6 Aralık 2019 Cuma

YABANCILAR GÜLMEKTEN ÖLECEK



Yandaş medyanın hali Türkiye'yi izleyen yabancıların gülmekten ölmelerine sebep olursa şaşmamak lazım.  Son örnek NATO zirvesi sonrası yazılanlar..
Londra'da 3-4 Aralık günleri yapılan NATO zirvesinde alınacak kararlardan en önemlisinin, Rusya'ya karşı Polonya'yı ve Baltık Ülkelerini koruyacak savunma düzenlemelerinin güncellenmesi olduğu biliniyordu. PYD/PYD'nin NATO tarafından terörist olarak tanınması konusunda ısrarcı olan Türkiye'nin bu konuda nasıl tavır alacağı merak ediliyordu.
AKP’li Cumhurbaşkanı Recep Tayyip Erdoğan, Londra'ya hareketinden önce Türkiye'nin alacağı tutumu şöyle açıklamıştı:
"....bizim terör örgütü olarak telakki ettiğimiz ve kendileriyle terör mücadelesi verdiklerimizi, bizim NATO’daki dostlarımız eğer terör örgütü olarak kabul etmezse, kusura bakmasınlar, orada atılacak her türlü adımın karşısında oluruz..."
Bu sözler, PYD/YPG'nin terör örgütü olarak ilan edilmemesi durumunda NATO'nun bütün kararlarını, bu arada Baltık kararını, Türkiye'nin veto edeceğinin en yetkili ağızdan ilanıydı.
Peki ne oldu? Genel Sekreter Stoltenberg, toplantılar sonrasında, Polonya'nın ve Baltık ülkelerinin savunmasına ilişkin kararın bütün üye ülkelerin onayı ile kabul edildiğini açıkladı. 
PYD/YPG terör örgütü olarak ilan edildi mi? Ne gezer! Genel Sekreter, bu örgütlerin nasıl tanımlanacağı konusunda üye ülkeler arasında farklı görüşler olduğunun da altını çizerek, konunun toplantılarda konuşulmadığını ifade etti.
Hal böyle iken, bugünkü yandaş gazeteler, "kriz çözüldü", "istediğimizi aldık", "terörün her türü tehdit" gibi başlıklarla çıktı. Öyle bir algı yaratmaya çalışıyorlar ki, sonuç bildirgesine giren "terörizm, bütün şekil ve tezahürleriyle bizim için tehdit olmayı sürdürüyor" ifadesi sanki Türkiye'nin ısrarıyla metne girmiş de, bizi tatmin eden bu ifade sonrası NATO'nun aldığı kararlara onay vermişiz.
Oysa bu ifade, sade suya tirit, terörizme bir tanım getirmeyen, bugüne kadar ilgili her uluslararası metne konulmuş olan, bütün devletlerin kolaylıkla altına imza atacağı, hiçbir sonuç doğurmayan basmakalıp bir ifadedir. Bu ifadenin herhangi bir metinde bulunması ile bulunmaması arasında pratikte hiçbir fark yoktur.
Nitekim, Fransa Cumhurbaşkanı Macron, terörizmin tanımı konusunda Türkiye ile görüş ayrılıkları olduğunu açıkladı.

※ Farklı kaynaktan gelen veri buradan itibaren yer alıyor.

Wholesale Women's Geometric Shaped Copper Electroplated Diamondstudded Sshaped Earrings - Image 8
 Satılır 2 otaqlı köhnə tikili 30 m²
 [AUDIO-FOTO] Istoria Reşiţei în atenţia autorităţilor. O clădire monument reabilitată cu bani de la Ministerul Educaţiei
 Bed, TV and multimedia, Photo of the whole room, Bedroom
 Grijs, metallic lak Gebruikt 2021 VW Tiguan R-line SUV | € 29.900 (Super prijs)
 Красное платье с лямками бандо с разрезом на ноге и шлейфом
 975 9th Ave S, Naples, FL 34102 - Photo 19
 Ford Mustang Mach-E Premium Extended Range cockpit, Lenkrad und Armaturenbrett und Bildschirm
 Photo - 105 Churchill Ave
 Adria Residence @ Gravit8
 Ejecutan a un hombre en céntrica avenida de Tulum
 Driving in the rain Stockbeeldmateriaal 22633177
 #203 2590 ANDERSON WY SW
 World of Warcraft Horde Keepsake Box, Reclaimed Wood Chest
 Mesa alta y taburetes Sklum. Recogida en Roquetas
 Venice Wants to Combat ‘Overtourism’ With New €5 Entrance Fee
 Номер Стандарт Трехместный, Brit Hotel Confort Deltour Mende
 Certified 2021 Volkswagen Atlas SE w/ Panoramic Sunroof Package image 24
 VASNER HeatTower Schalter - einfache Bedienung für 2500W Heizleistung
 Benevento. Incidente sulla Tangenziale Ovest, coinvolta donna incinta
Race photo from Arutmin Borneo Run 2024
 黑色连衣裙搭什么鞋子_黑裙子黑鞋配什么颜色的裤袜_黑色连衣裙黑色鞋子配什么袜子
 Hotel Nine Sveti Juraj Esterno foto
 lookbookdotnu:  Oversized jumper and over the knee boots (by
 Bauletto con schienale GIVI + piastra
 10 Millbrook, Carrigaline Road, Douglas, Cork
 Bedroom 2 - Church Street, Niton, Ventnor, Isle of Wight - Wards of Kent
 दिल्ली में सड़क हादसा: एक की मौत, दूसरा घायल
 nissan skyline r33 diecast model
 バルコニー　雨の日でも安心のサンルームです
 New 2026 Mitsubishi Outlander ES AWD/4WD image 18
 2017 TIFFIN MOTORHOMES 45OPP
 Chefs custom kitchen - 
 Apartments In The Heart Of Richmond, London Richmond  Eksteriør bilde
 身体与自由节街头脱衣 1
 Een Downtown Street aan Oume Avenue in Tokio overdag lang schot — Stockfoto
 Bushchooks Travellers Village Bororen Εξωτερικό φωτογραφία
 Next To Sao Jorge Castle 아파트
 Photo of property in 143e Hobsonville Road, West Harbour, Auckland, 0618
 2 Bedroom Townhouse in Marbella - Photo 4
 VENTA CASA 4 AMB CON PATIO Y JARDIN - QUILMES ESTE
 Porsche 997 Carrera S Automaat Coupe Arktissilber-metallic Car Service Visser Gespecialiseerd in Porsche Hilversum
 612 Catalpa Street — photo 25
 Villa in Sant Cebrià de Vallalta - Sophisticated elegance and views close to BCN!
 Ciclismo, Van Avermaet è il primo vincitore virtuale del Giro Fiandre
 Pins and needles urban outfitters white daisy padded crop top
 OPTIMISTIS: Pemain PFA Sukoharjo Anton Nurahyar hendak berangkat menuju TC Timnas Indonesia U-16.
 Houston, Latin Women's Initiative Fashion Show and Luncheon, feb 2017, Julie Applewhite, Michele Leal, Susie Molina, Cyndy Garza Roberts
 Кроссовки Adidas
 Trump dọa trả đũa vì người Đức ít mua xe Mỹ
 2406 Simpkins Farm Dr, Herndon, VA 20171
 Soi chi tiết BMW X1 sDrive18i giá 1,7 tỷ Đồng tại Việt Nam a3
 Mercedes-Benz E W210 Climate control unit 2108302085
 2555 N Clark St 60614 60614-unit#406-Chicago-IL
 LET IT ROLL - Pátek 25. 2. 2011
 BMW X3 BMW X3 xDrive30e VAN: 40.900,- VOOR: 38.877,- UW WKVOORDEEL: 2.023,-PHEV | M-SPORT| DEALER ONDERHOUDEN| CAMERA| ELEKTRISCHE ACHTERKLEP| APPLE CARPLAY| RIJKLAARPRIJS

Gerçek şu: Hiçbir karşılık almadan NATO'nun bütün kararlarına onay vermişiz! Şimdi yabancılar Türkiye'nin içine düşürüldüğü duruma katıla katıla gülmesinler de ne yapsınlar!
Durum bununla kalsa yine iyi....
"Rusya'nın saldırgan davranışları Avrupa-Atlantik güvenliği için tehdit oluşturuyor" ifadesinin sonuç bildirgesinde yer almasına da onay vermişiz. İyi de, "saldırgan ve tehdit" olduğunu kabul ettiğimiz Rusya ile nasıl içli-dışlı oluyoruz ve ülke savunması gibi en hassas bir konuda işbirliği yapıyoruz? Yandaş medya bu duruma bir açıklık getirse de anlasak!
Dış politika ne yapıldığı bilinmez şekilde savruldukça savruluyor.